近年、私はプロレスだけではなくテレビやYouTubeといったエンタメ関係の記事を書く機会が増えてきています。テレビ番組のディレクターさんや放送作家、プロデューサーといったいわゆる「テレビ屋」さんにインタビューして媒体に掲載しています。

そうすると、割と「テレビ屋」さんとの繋がりも出てきまして、Xで相互フォロー関係になったり、LINEで連絡を取り合うこともあります。

その中でYouTube『渡部ロケハン』総合演出のソマシュンスケさんがこのようなポストがされていました。


ソマさんってめちゃくちゃ優秀な映像ディレクターで、丁寧でオシャレで情熱もあって色々な映像を作れる幅の広い方なんですよ。なのにソマさんが嫉妬してしまうほどの映像を作るテレビマンがいる。

めちゃくちゃ気になるじゃないですか!

そこから持ち前のサーチ力を駆使して調べると日本テレビの廣瀬隆太郎ディレクターが作った映像であることが判明しました。

廣瀬さんは人気番組『有吉の壁』や『ニノさん』のディレクターを務め、『カネ梨和也』では企画と演出を担当しているテレビマンです。

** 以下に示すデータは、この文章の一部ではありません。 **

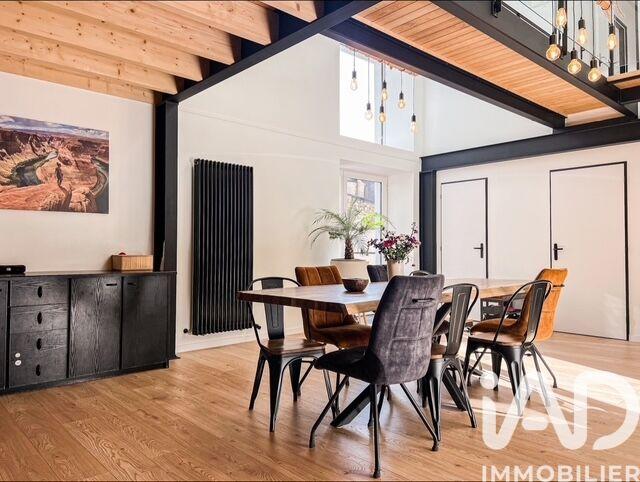 Maison - 203 m² - 7 pièces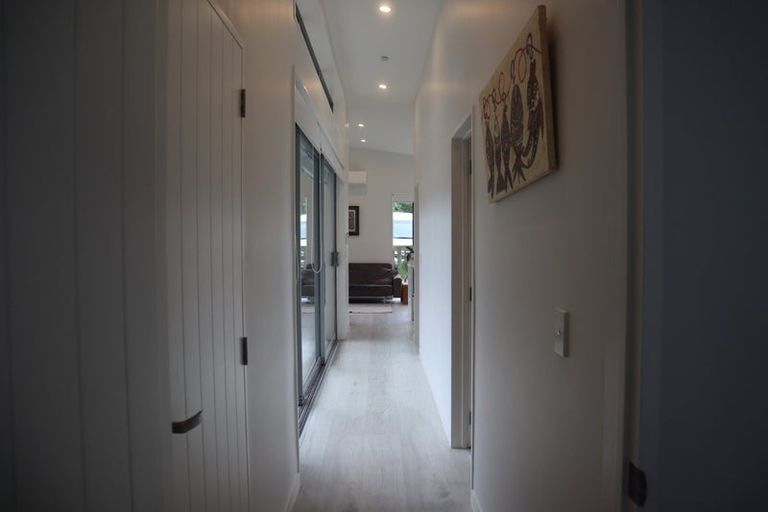 Photo of property in 73 Warman Road, Okura, Auckland, 0792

実際にソマさんが反応した番組『ハイツ東五反田201』は、同期芸人&大阪・堺出身で実家も徒歩3分圏内の近所同士というさらば青春の光・森田哲矢さんと見取り図・盛山晋太郎さんが品川区・五反田に借りた秘密基地「ハイツ東五反田201」を拠点に夜な夜な遊ぶ様子を記録したバラエティー番組です。またドラマ・映画を手がける映像チームとタッグを組んだことによりバラエティー番組とは思えない映像美が満載の異色作。

これは気になったのでTVerでチェックしたのですが、めちゃくちゃ面白い!!

森田さんと盛山さんの掛け合いがコンビネーション抜群なのは、これまでのさまざまな番組で実証されてきました。恐らく森田さんにしても盛山さんにしても自分が将来、冠バラエティー番組をやる時はそのパートナーであり、サブMCとしてチョイスしてくるだろうと思うほど。

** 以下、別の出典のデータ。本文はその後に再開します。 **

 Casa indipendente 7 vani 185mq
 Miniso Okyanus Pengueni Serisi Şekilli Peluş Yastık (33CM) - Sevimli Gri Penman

でも私が面白いと思ったのは映像の作り方。廣瀬さんがこの番組で描いていたのは、『探偵物語』『傷だらけの天使』『濱マイク』といったかつねの人気ドラマが持っていたハードボイルドさとロケバラエティーが混同している世界観でした。

これまでのバラエティー番組の歴史において、さまざまな描き方がありました。

純粋なバラエティー番組としての描き方もあれば、ドキュメント要素を強くしたり、スポーツ要素を入れたり、音楽のエッセンスを強めにしたり、シュールさを突出させたり、ドラマ仕立てにしたり…本当に演出家によってさまざまな描き方があります。

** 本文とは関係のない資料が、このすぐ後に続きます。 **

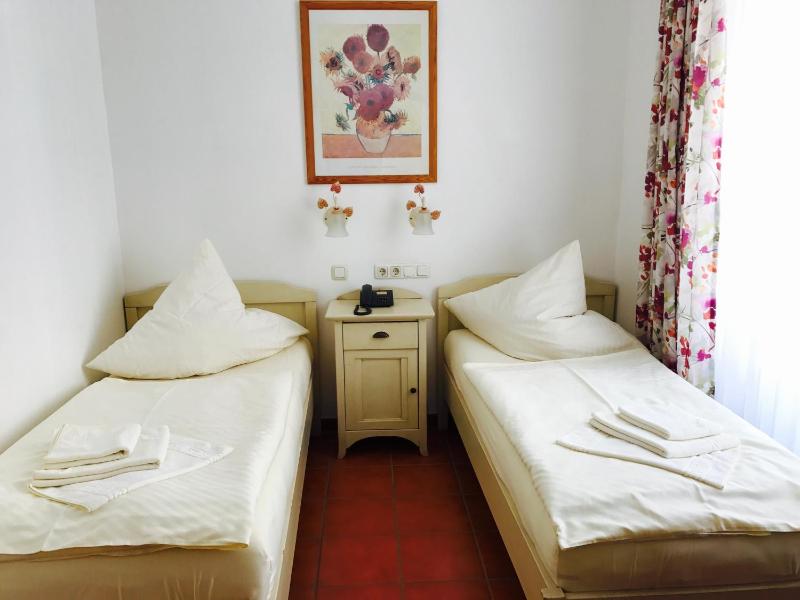 Double Room image 3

ただ廣瀬さんのようなバラエティー番組にハードボイルドの世界観を持ち込んだのは初めてだったと記憶しています。見たことがない!

廣瀬さんの映像が気になった私と廣瀬さんは実は同じ和歌山県人で判明。これはビックリしました。今年の1月に実際にお会いして挨拶させていただきましたが、本当に廣瀬さんはオシャレな方でした!

さて、『ハイツ東五反田201』の次に廣瀬さんが総合演出を担当したのが『闇プロモーター粗品』。

タイトルからして最高です!想像力を沸き立たせるほど!

賭け事に取り憑かれた男・粗品さん(霜降り明星)が主宰を務め、各界の勝負師たちが集う賭場場。MCは粗品、常連客として小籔千豊さんと格闘家・平本蓮さんが参戦。普通の賭場では物足りなくなってしまった勝負師たちが、様々なジャンルの勝負にBET。自らの財布を持参し、予想的中で賞金獲得!外せば寄付のガチバトルという内容。

BSスカパーやABEMAで放送されていた社会派ドキュメントバラエティー『BAZOOKA!!!』のレギュラーである小籔さんと平本さんというキャスティングがアングラ感が出る感じで素晴らしく、映像もオシャレでダークさがあり、やはりハードボイルドなんですよ。


ゲームを予想してテレビで合法的に賭けを行う番組といえば、テレビ朝日系で『さんまのナンでもダービー』がありました。『さんまのナンでもダービー』は競馬のように大衆受けするように明るさがありましたが、『闇プロモーター粗品』には地下のカジノ場で行う賭け事のようで、どこまでどす黒い。それがまた面白い!

これは深夜3時間特番とか長尺でやるとさらに面白そうだなという感想を抱きました。


オシャレでハードボイルドな世界観という唯一無二のバラエティー番組を作る廣瀬さんですが、それだけではないことがわかったのが最近放送された『100顔』という番組です。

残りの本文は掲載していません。